日本銀行は、2025年6月17日の金融政策決定会合で、政策で買い入れる国債を減らす方針を続けると発表しました。そのうえで、現状で四半期ごとに4,000億円減額しているペースを2026年4月以降は2,000億円に縮小するとのことです。
改めて日銀が行ってきた2024年3月まで異次元緩和政策を振り返り、膨らんだ国債保有残高について、現状を確認しておきましょう。
そもそも日銀が大量に国債を買うようになったのは
2013年3月から10年間、黒田東彦(はるひこ)氏が日銀の総裁に就いていた時期は、「異次元」と呼ばれる、ケタ違いの金融緩和が特徴です。

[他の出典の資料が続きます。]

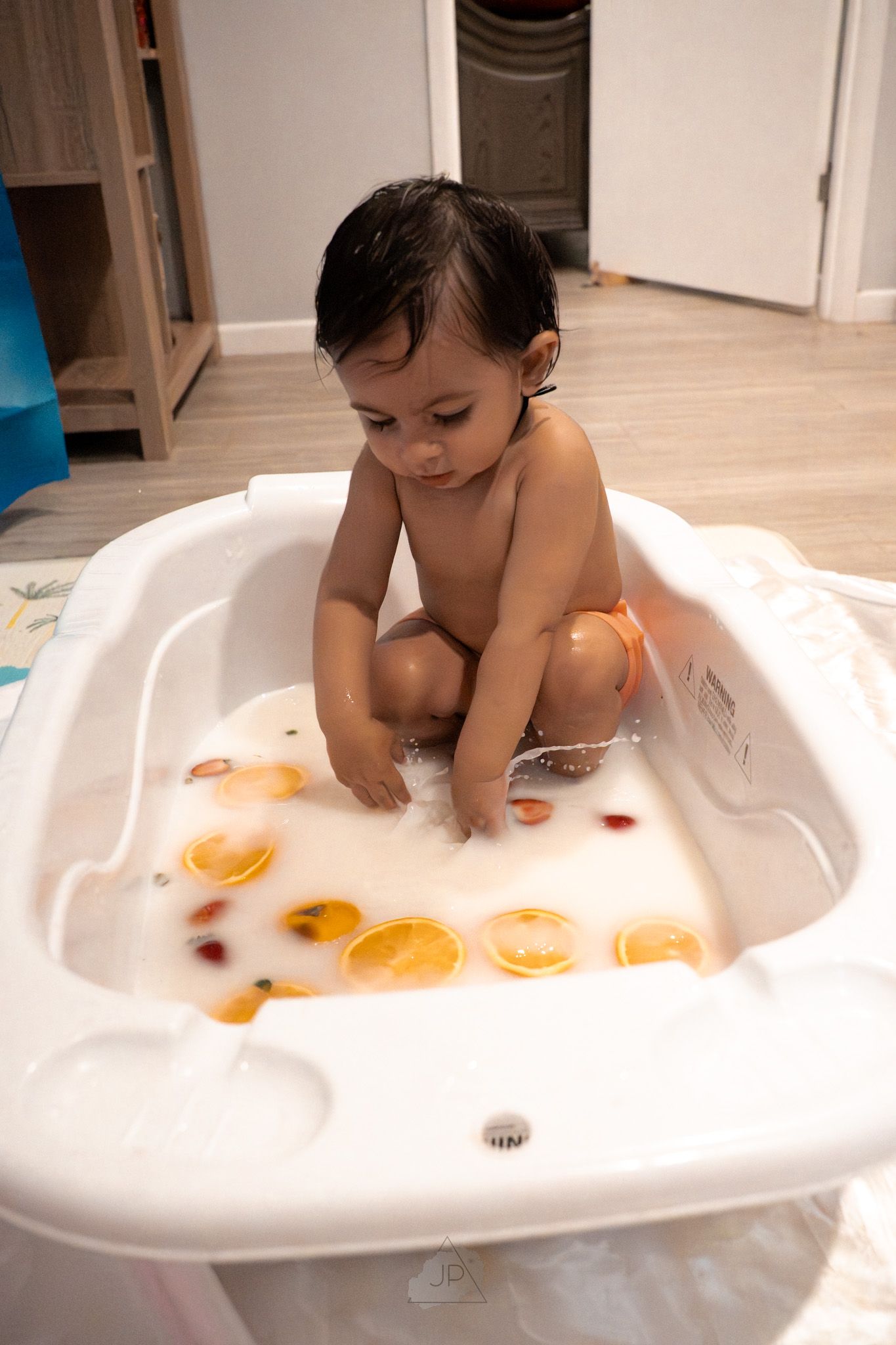 Baby playing with orange slices during bath time in white tub filled with bubbles and water.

白川方明(まさあき)氏が総裁を務めていた2008年から2013年3月までは、日本経済がとても難しい局面でした。円高・デフレ圧力の中、企業収益は悪化し、賃金は伸びず、金融政策に期待が寄せられながらも成果がなかなか出ない時期だったといえるでしょう。ただし、日銀による国債の買入れは、白川元総裁時代から行われていました。

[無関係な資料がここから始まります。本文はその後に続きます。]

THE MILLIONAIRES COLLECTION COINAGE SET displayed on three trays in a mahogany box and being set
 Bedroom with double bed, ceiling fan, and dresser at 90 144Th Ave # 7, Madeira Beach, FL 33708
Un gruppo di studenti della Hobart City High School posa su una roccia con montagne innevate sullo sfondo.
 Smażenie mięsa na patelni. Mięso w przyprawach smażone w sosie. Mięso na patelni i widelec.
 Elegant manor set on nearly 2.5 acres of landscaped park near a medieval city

黒田前総裁の初会合では、「量的・質的緩和」という金融政策が導入され、金融政策の目標がマネタリーベースの拡大に設定されました。日銀が長期国債を大量に買入れることで、民間にお金を供給するという政策です。年間の長期国債買い入れ額は、当初の約50兆円から後に80兆円規模に拡大されました。また、長期国債のみならず、ETF(上場株式投資信託)やJ-REIT(上場不動産投資信託)も買い入れました。
その後、2016年9月に「長短金利操作(YCC=イールドカーブ・コントロール)付き量的・質的金融緩和」へ転換。国債の年間買い入れ額が明示されなくなり、金融政策は金利水準に焦点を当てるようになりました。

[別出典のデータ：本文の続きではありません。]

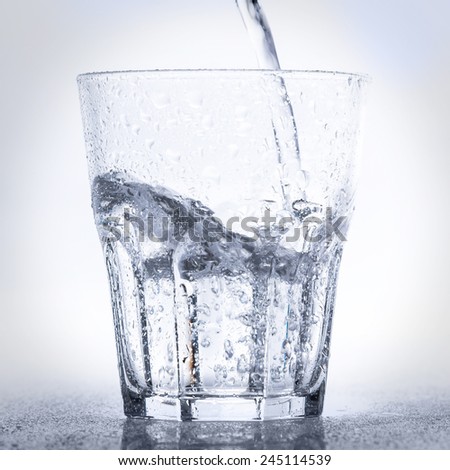 Glass with fresh water on white background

【グラフ1】は、2000年3月末から2024年12月末(速報)までの、日銀が保有する国債等と投資信託の月末時点の残高の推移です。
現在の植田和男総裁は「経済・物価・賃金の好循環を見極める必要がある」と、2023年4月に慎重な姿勢でスタートしました。急激な金融政策の変更はしませんでしたが、国内で賃上げムードが高まると2024年3月にマイナス金利政策を解除。異次元緩和の3本柱だった「マイナス金利」「イールドカーブ・コントロール」「ETF買入れ」を見直しました。異次元緩和が終了し、金融政策の正常化への第一歩となりました。
日銀が国債を大量保有することの弊害
黒田前総裁時代の終盤は、異次元緩和の副作用に対する関心が高まるようになっていました。主な副作用として、以下が挙げられます。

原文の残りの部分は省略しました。